TASK REQUIREMENTS:
Take the lines below from the one with "何宇鹏发文：终于重回我挚爱的绿茵场，能为国安射门真的很幸福" through the one with "Coffee Inn allows" and retype them exactly. Include nothing else, and no pictures.

SOURCE MATERIAL:
----------------

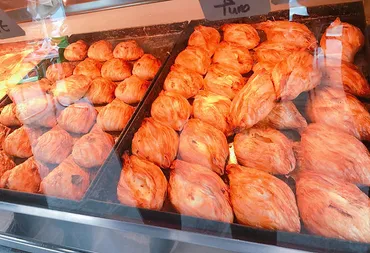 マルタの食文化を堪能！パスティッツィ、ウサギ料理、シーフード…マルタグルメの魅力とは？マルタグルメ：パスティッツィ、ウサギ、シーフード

----------------

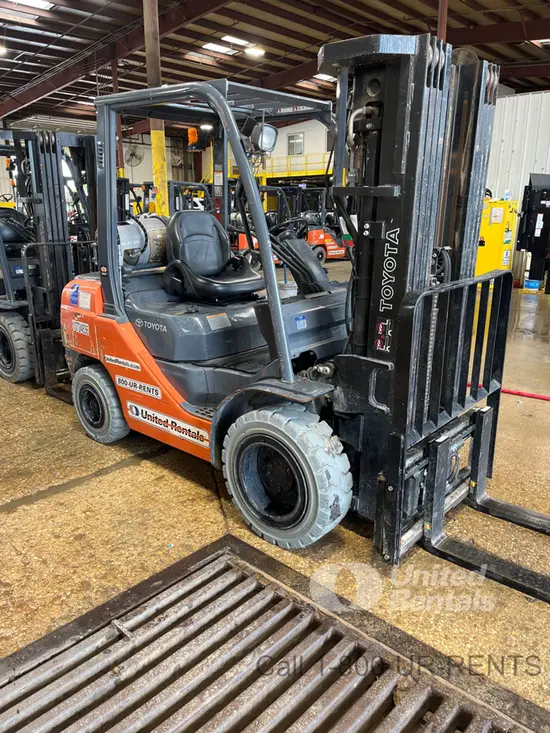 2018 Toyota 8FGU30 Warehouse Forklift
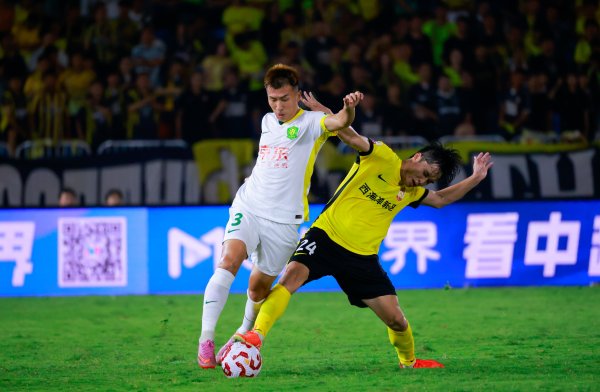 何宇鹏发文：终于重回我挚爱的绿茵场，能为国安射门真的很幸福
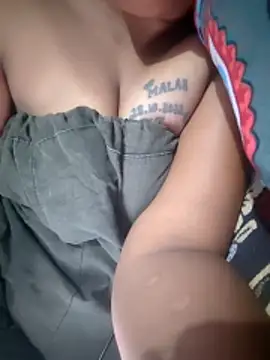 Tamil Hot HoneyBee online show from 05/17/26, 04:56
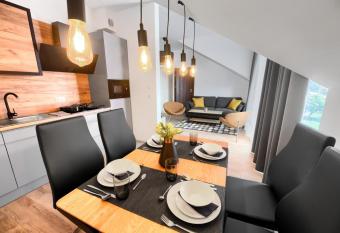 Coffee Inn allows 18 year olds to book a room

----------------

SOLUTION TO THIS PROBLEM:
 何宇鹏发文：终于重回我挚爱的绿茵场，能为国安射门真的很幸福
 Tamil Hot HoneyBee online show from 05/17/26, 04:56
 Coffee Inn allows 18 year olds to book a room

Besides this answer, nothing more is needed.